» **What you should do**:
Only one stretch of the records below is wanted: the lines from the one holding "ライトブラウンウッドデジタルプリント ラウンド壁時計 (正面)" through the one holding "Original sirena peces". Return it exactly, both ends included.

» **Materials provided**:
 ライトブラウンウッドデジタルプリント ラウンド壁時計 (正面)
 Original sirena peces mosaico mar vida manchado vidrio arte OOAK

==

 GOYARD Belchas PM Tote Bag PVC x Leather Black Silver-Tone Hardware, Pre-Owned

---

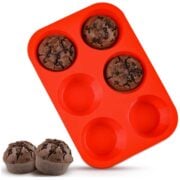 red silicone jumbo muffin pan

» **Exercise response**:
 ライトブラウンウッドデジタルプリント ラウンド壁時計 (正面)
 Original sirena peces mosaico mar vida manchado vidrio arte OOAK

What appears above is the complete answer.